И это не просьба. Это приказ — из тех его приказов, после которых тело слушается само. И, слушаясь, вдруг понимает: а ведь легче. Когда не надо решать. Когда решили за тебя — и решили вот так.

Руки опускаются. Я сижу перед ним — голая по пояс, красная, наверное, вся, от ушей до груди, — и позволяю смотреть.

— Вот так, — говорит он. Хрипло. — Умница.

А потом его ладонь накрывает мою грудь.

Всю. Целиком — она правда помещается в его ладонь вся, — и я забываю, как дышать. Его рука горячая и шершавая, и она не мнёт, не хватает — она изучает. Медленно. Обстоятельно. Большой палец очерчивает круг — раз, другой, — подбираясь к соску, и когда наконец касается его — легко, почти невесомо, — меня прошивает от макушки до пят таким разрядом, что я вскрикиваю и выгибаюсь ему навстречу.

— Чувствительная, — в его голосе — тёмное удовлетворение. — Я так и думал.

— Ты... думал?..

— Аленёнок, — его губы спускаются по моей ключице вниз, и я слышу усмешку в его дыхании, — ты не представляешь, о чём я думал.

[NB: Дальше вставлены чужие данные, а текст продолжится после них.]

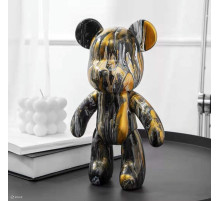 Флюидный медвежонок fluid bear, 23 см, с красками BROWN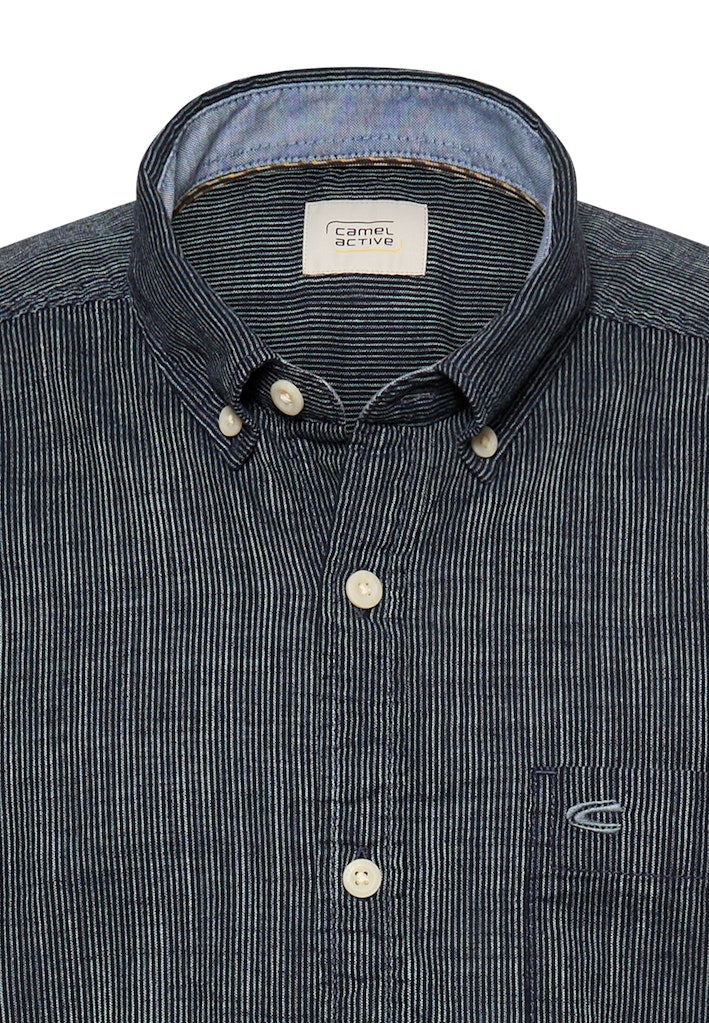 Camel active Herren Hemden kurz Dark Navy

И его рот оказывается там, где только что была ладонь.

Мир схлопывается.

Горячо. Влажно. Его язык делает что-то невозможное, невыносимое, и я слышу свои собственные стоны как будто со стороны — и мне даже не стыдно, стыд куда-то делся, сгорел, наверное, в камине, — я вцепляюсь пальцами в его бритый затылок, в короткий жёсткий ёжик, и не понимаю, притягиваю я его или пытаюсь удержаться на поверхности.

Внизу живота всё стянуто в тугой, пульсирующий, горячий узел. Он тяжелеет с каждой секундой, тянет, ноет, требует — я не знаю чего, но тело знает: бёдра сжимаются сами, ёрзают сами, ищут сами...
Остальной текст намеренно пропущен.